-- Given entries follows --
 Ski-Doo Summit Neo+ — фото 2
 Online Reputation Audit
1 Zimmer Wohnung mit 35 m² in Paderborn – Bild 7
-- Given entries concluded --
-- Given entries follows --
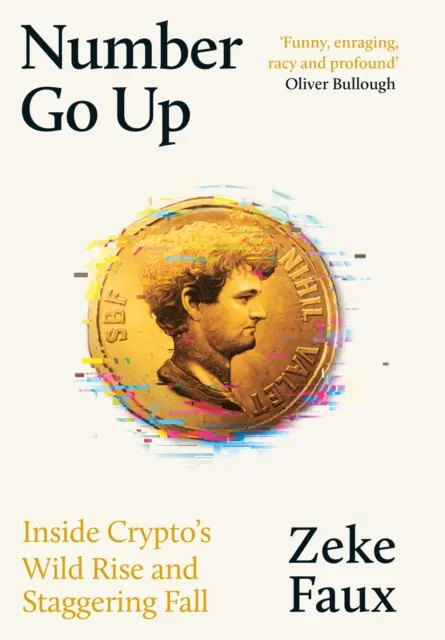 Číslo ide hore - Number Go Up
-- Given entries concluded --
-- Given entries follows --
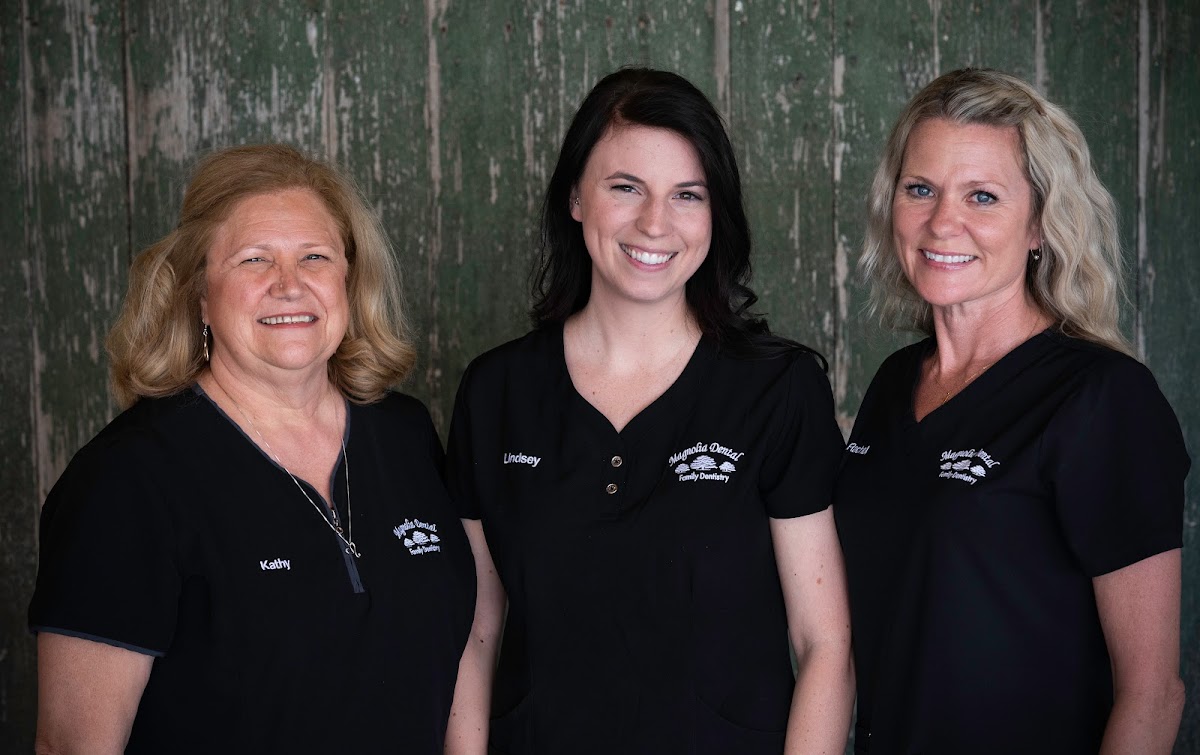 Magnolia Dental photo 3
-- Given entries concluded --
■ **Exercise goal**: The lines above from the one containing "Online Reputation Audit" through the one containing "1 Zimmer Wohnung" are to be set down exactly, and no others.

■ **Exercise response**:
 Online Reputation Audit
1 Zimmer Wohnung mit 35 m² in Paderborn – Bild 7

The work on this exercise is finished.